Abstract
Many of today’s most disruptive challenges are the result of rare yet highly impactful events. Their characteristics are largely at odds with prevailing management research paradigms, thus stymieing efforts toward societally relevant guidance. New approaches are needed to ensure sustainable businesses and societies.
Recent times have been characterized by an accumulation of events which appear unexpected, even unprecedented, and exert massive impact upon emergence. This includes events that are commonly discounted during their early stages, until they surface into sudden omnipresence at rapid pace. While we devise explanations for such events in hindsight, their specific manifestations (both positive and negative) are often difficult to predict in foresight—leading them to unfurl upon largely underprepared communities with increasing frequency and impact.
As scholars, we have the opportunity, even responsibility, to seek insight into these types of events for the purpose of offering timely guidance to businesses, governments, and societies at large. Yet, most management research trails behind their emergence, thus limiting the opportunity for shaping the curve through early detection and insight. The implications of this are as manifold as they are consequential. For instance, with little ex ante scholarly insights, business executives and policymakers are left to determine responses that may lack in scientific grounding. Not only can this lead to suboptimal outcomes but also further the concern of societal relevancy noted across the field. Ex post insights, furthermore, can become outdated quickly once the phenomenon evolves exponentially, outpacing any business responses and government policies aimed at containing the impact.

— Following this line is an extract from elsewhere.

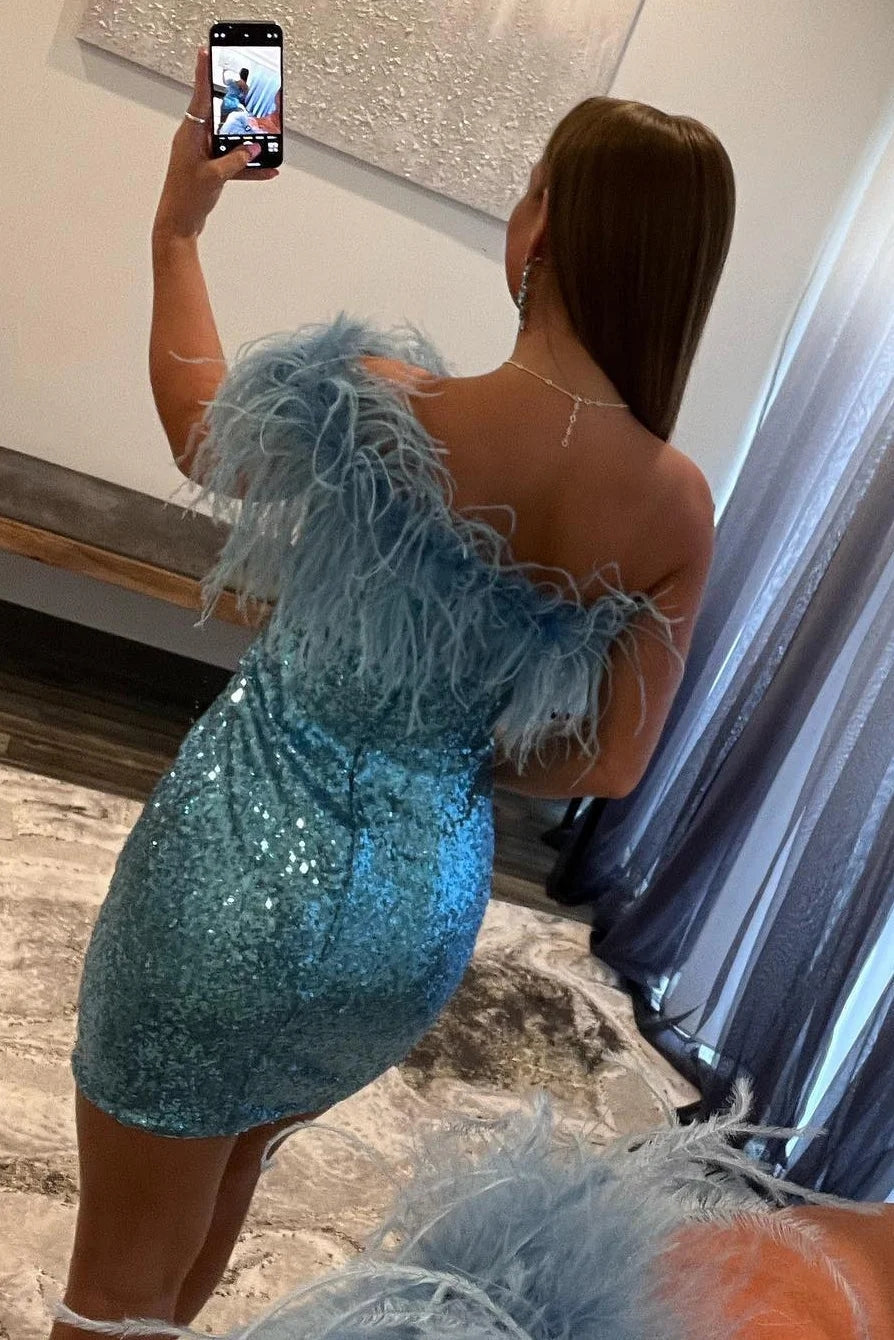 Blue Homecoming Dresses Tight Sequin Prom Dress with Feathers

The purpose of this commentary is thus to illustrate this trailing effect along two recent examples, explore causes for the prevailing “ex-postism” in management research, and lay out alternative approaches to scientific inquiry in that regard. Rather than trailing behind the curve, we ought to aim at shaping it—for the benefit of global health, economic activity, and peace.
Two Illustrations
Among the most consequential recent examples of rare and impactful events are the rise of artificial intelligence (AI) and the Covid-19 pandemic. A review of all articles ever published on AI (Figure 1) and infectious diseases (IDs) (Figure 2) across leading management journals 1 reveals that both phenomena remained substantively absent from publications during their latency. Once the phenomena reached exponential status, the number of articles acknowledging their contextual relevance increased quickly. However, comparably few articles focused specifically on the phenomena in question—and hardly any were published prior to the phenomena’s exponential emergence, suggesting a degree of “ex-postism.”

Artificial Intelligence.

Infectious Diseases.
The Prevalence of “Ex-Postism” in Management Research
A key reason for these observations is that management research is deeply rooted in a deductive-predictive epistemological paradigm, emphasizing predictions derived from existing theory. While this has aided significant scientific advances, the paradigm comes upon boundaries once a phenomenon is rare or unprecedented (so-called gray and black swans; Taleb, 2010). After all, how can a phenomenon be studied with any scientific rigor when it has rarely or not (yet) materialized? Consequently, most theories largely apply to “average” phenomena and outliers remain vastly underestimated—especially during their latency (see Figure 1).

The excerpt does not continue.